Kommentar zum Derbysieg von 11Freunde-Redakteur Felix Groppe
Kay Rohn:
Holzkreuze, Hass im Netz
Diesmal ist es kein schönes Gefühl, zum Spiel zu fahren, ich habe kaum Vorfreude auf das Derby. Wenn ich im Vorfeld mit Freunden über das Spiel spreche, überwiegen meist die negativen Begleitumstände.

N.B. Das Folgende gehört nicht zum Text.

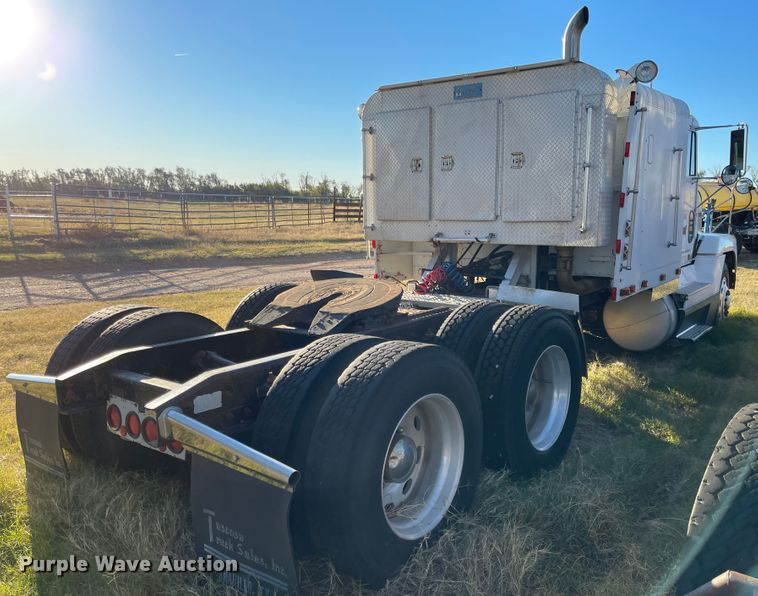 image for item DN0039 1992 Freightliner FLD120  semi truck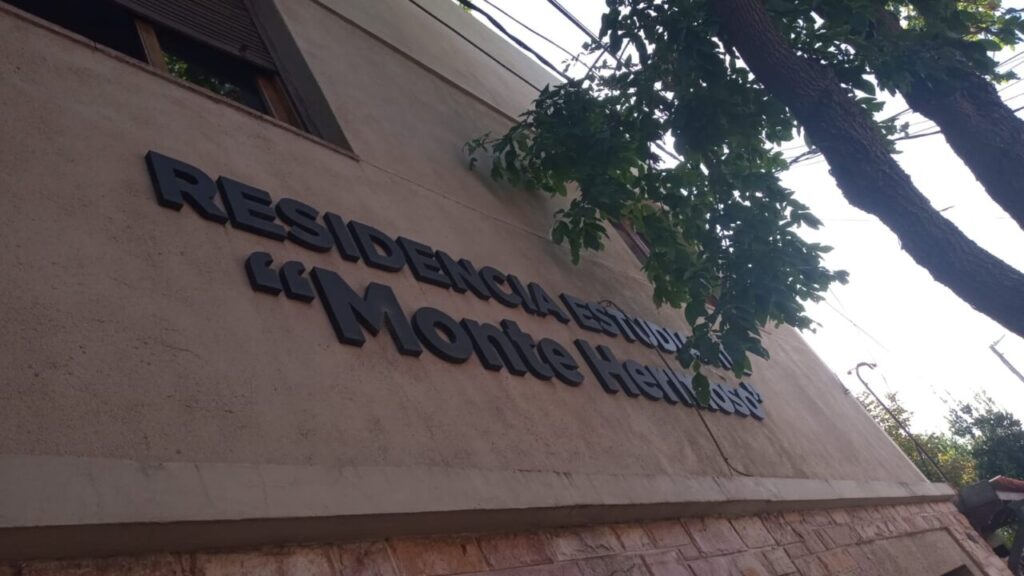 El Estado municipal acompaña a 160 jóvenes en su desarrollo académico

Umso schöner, dass Johanna, die ich zum Spiel eingeladen habe, sich freut, dabei zu sein. Wir arbeiten im Projekt „Kommunales Gesundheitsmanagement“ zusammen, sie für den Braunschweigischen Gemeinde-Unfallversicherungsverband und ich für Eintracht Braunschweig. Johanna ist zum ersten Mal bei einem Fußballspiel in Braunschweig dabei und ich kann sehen, wie ihre Blicke immer wieder vom Spielfeld zu den Aktionen neben dem Platz gehen; Choreo, Pyro, Hassgesänge, Bewegung bei den Einsatzkräften, Feuerwerkskörper Spielunterbrechungen. Das ist für das erste Mal schon eine ganze Menge. Leider wird die wunderschöne Choreo überdeckt von persönlichen Anfeindungen und Drohungen im Vorfeld.
Mentalsieger Braunschweig
Drei Punkte für die Tabelle, drei Punkte für die Einstellung zu Spiel und Gegner, drei Punkte für das Team in der Gesamtheit. Selbst Michael Schiele lief von der Trainerbank bis zur Eckfahne, um den Treffer zum 1:0 zu bejubeln. Die Eintracht wirkte insgesamt geschlossen.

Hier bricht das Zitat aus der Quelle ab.